最近、ラジオの一聴者の方のお便りが心に残ります。「幼い頃、私にとってお盆は、怖いイメージがありましたが、今は異なります。逝ってしまった祖父母の心に、会えると思うからです」。実は、私も同じような事を思い始めていました。お盆に、(逝ってしまった)人々との想い出を、想い巡らす季節にしようと・・。
80歳を過ぎても、パソコンやデジタル・カメラを巧みに使いこなしていた叔父。少し、甘かった叔母の卵焼き。バラでいっぱいの庭造りが趣味の叔父は、花束を抱えて会社に来ました。半夏生の日には、「おだんご」を作ってくれた叔母。「お盆」の言葉の起源を、初めて知りました。 仏教のことば「盂蘭盆」の略語で、「先祖や故人を偲び、今日ある自分をかえりみる」というお盆の理念は、長く受け継がれています。「盆暮れ」とか「盆とお正月が一度に来たよう」という言葉使いに見られるように、家庭のみならず、会社にとっても節目となる季節です。日本では、明治6年(1873年)1月1日にグレゴリオ暦(太陽暦)が採用されて以来、お盆は、ほぼ全国的に8月15日に行われるようです。
幼い頃は、お盆の翌日の夜に、小学校の運動場や寺社の境内にて「盆踊り」が行われました。櫓の周りに円をつくって、音楽にあわせて一連の踊りを繰り返します。露店のおじさんたちの威勢のいい掛け声、露店の淡いオレンジ色の電灯のもとで食べるかき氷。金魚すくい。水が入ったゴム風船。

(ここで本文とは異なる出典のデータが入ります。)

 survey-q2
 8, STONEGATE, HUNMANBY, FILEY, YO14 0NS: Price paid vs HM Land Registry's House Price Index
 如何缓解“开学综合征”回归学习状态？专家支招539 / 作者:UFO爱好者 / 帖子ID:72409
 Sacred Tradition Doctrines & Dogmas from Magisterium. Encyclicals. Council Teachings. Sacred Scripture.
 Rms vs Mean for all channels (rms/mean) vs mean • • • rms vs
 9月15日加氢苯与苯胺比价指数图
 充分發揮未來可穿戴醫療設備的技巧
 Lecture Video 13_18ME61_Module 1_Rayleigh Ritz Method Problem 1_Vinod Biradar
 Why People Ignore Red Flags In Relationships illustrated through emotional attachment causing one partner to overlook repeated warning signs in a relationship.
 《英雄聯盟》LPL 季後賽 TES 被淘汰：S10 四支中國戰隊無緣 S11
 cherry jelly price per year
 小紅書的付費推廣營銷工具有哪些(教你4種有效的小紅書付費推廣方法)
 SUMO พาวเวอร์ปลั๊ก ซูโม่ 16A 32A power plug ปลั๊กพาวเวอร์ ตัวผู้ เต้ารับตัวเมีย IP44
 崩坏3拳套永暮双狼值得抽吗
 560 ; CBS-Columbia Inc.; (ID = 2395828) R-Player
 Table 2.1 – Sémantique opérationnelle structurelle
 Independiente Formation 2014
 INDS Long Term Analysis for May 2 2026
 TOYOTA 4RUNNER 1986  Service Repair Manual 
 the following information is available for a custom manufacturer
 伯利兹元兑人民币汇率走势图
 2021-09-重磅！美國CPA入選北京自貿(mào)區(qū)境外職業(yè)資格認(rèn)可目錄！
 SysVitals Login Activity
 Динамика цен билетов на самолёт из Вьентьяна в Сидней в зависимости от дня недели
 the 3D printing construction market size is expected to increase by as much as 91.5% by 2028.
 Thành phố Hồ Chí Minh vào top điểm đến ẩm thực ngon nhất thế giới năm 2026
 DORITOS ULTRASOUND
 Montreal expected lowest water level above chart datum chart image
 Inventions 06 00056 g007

懐かしくもあり、大好きな情景です。 8月15日は、もうひとつの想いがあります。甲子園の高校野球を見ていた時の事でした。試合を中断して、サイレンの音が響きわたります。戦没者を追悼するために黙とうをささげます。私は「はっ」としました。「終戦記念日」であることを忘れていました。友人からのメールは、「平和であること。語り継いでいくことの大切さ。前向きに生きていくことの大切さ。過去と未来を考えさせてくれる日でした。」と書かれてありました。
「白バラの小麦粉で、家で手打ちうどんを作るんや」と、時おり、お店に来られる吉林さん。昭和18年12月、16歳のとき横須賀海軍通信学校に入隊しました。宮古島で終戦を迎え、博多を経由して、香川に帰って来られました。「あの~、広島の近くを通りましたか?」「あ・・、何にもなかった。大きな爆弾が投下されたとは、聞いておったけど・・。それが、どのような爆弾であるかは、知らされんかった」。吉林さんは、腕に残った小さな弾の「傷跡」を見せてくれました。「きらきら」した吉林さんの瞳を見ながら、貴重なお話を語って下さったことに感謝します。
甲子園の高校野球の試合の終了時に、サイレンが鳴ります。高校野球児たちの日焼けした顔に、汗がきらきらと輝いています。微笑んでいる顔、涙で「くしゃくしゃ」になった顔。毎日の練習の積み重ねが思い出されたのでしょう。蝉の鳴き声と、暑い夏の日差しの中で聴く「サイレンの響き」は、様々な想いが重なります。
9月のお休みは、13日(土曜日)・15日(敬老の日)・23日・(秋分の日)そして日曜日です。
赤とんぼが飛びはじめました。気持ちよさそうです。赤とんぼの「はね」って、本当に茜色です。夏の疲れがでてくる季節。おからだ、大切になさってください。